30 maio 2021

Mortos sem sepultura

 

Ahora juguemos a desaparecer, Carlos Garaicoa


Por que você se preocupa com esses homens? Em seis meses eles serão enterrados em um porão e a primeira granada lançada através de uma claraboia porá fim a toda essa história. É todo o resto que conta. O mundo e o que você faz no mundo, os companheiros e o que você faz por eles.

Canoris, em Mortos sem sepultura (Jean-Paul Sartre).


Na tarde deste domingo nublado de outono, me detenho e penso, enquanto preparo o café, como foi bom ter trabalhado os conceitos de sociologia antes da vigência dessa pasmaceira toda, que paralisa e destroça moralmente o país. Não suportaria estudar Milton Santos, Celso Furtado ou Sérgio Buarque de Holanda com meus alunos, conhecendo a vil opressão intelectual que predomina, sem caminhos viáveis para escapar das profundezas desse precipício abismal que nos bordeja. 

Se existia uma justificada alegria em estudá-los antes, era porque podíamos ir e vir nas ideias, acreditando que de algum modo um outro mundo era possível. Havia uma complexa esperança ao ler nossos intelectuais, ao estudarmos nosso passado para avançarmos ao futuro. Havia uma tola crença de que podíamos superar as mazelas produzidas pelo escravismo, pela violência das ditaduras e dos coronéis.
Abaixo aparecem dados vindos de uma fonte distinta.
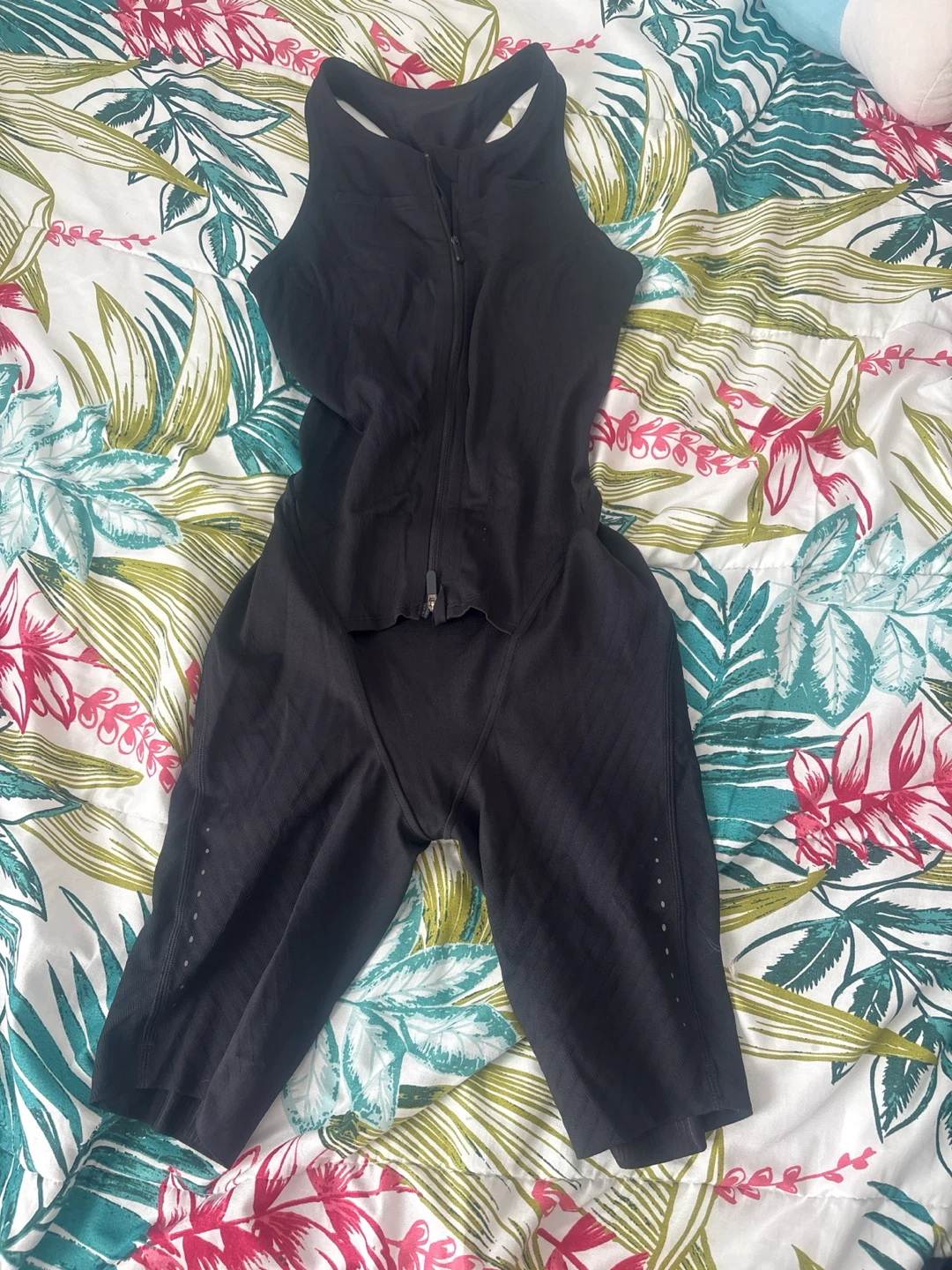 Lululemon Black Zip-Front Romper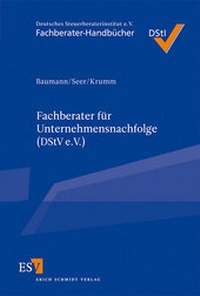 Abbildung von: Fachberater für Unternehmensnachfolge (DStV e.V.) - Erich Schmidt Verlag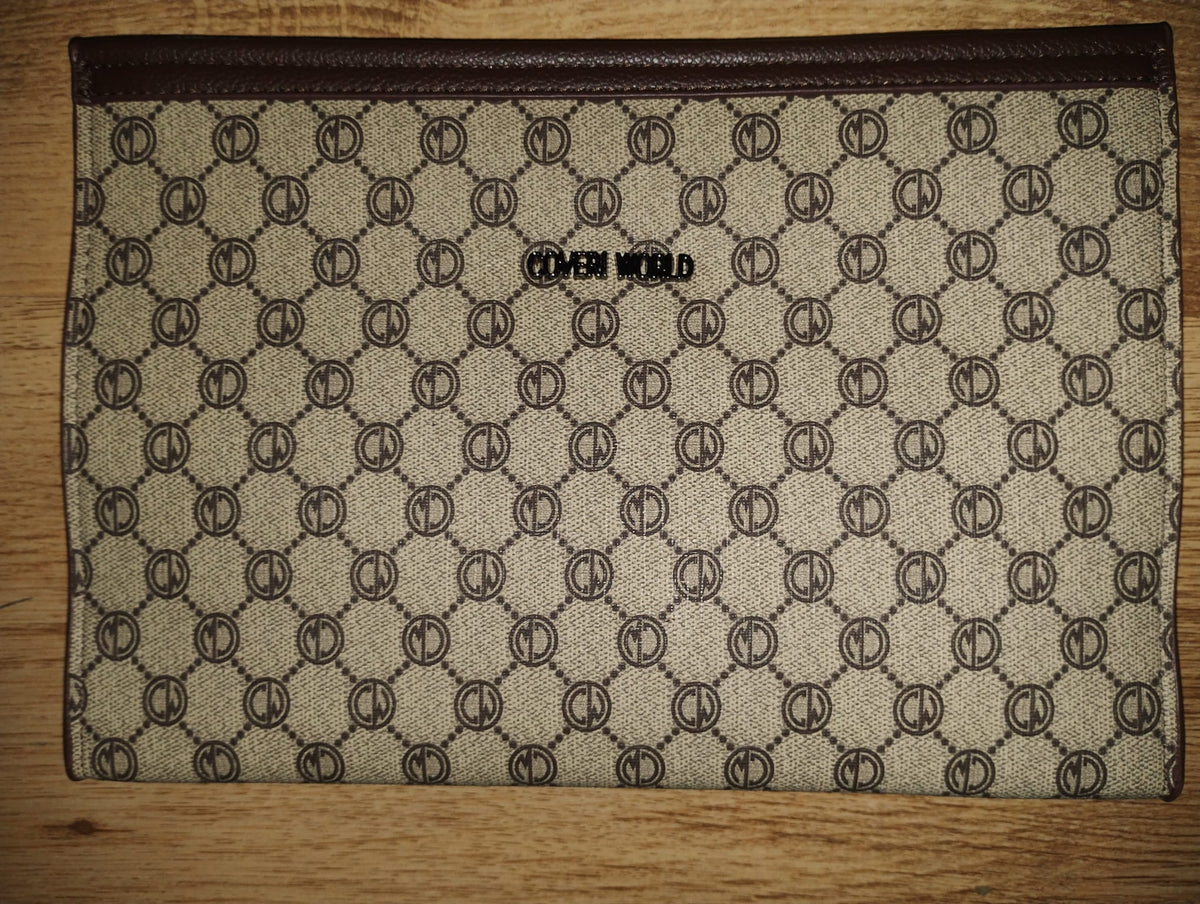 pochette uomo marrone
Terminávamos as aulas e conseguíamos refletir sobre uma consciência crítica que nos posicionava diante das dificuldades de cada dia.

Os negacionistas hipócritas que tomaram o poder se assemelham em perversidade aos colaboradores da peça Mortos sem sepultura, de Jean-Paul Sartre. Agora que tomaram o proscênio agora circulam como heróis. São em grande parte uns canalhas, servem ao ocupante estrangeiro, e no caso presente, são articulados com o grande capital, que está aí para financiar a confusão civilizatória. 

Os Clochets, Landrieus e Pellerins circulam em meio a banqueiros, magnatas, empresários, milicianos, que recebem e pagam para destruir projetos autóctones, para desinformar, para desestabilizar. Recuperam a autoridade do capitão do mato, e o que é pior, com uma função social devidamente reconhecida. Uma vez subordinados no infindável desejo por dinheiro e poder, as Lucies, os Canoris, os Henris perdemos paulatinamente qualquer constrangimento para abandonar os valiosos segredos históricos de nossa resistência, para naturalizarmos a miserabilidade de uma nação de joelhos. 

A doutrina da especulação destroça o conhecimento e remunera os tolos de vida breve: os zumbis que sobrevivem ganhando hoje um punhado de dólares a mais, cumprindo tarefas anunciadas como empreendedorismo, amanhã estarão abandonados à beira da estrada, sem uma lembrança honrosa a preservar. 

Quanto mais avançamos para o futuro, mais vemos o quanto nos distanciamos das distopias românticas de Wells ou Verne, para enveredar na lúgubre pedagogia bancária das corporações, de onde não há imaginação, nem tampouco regresso.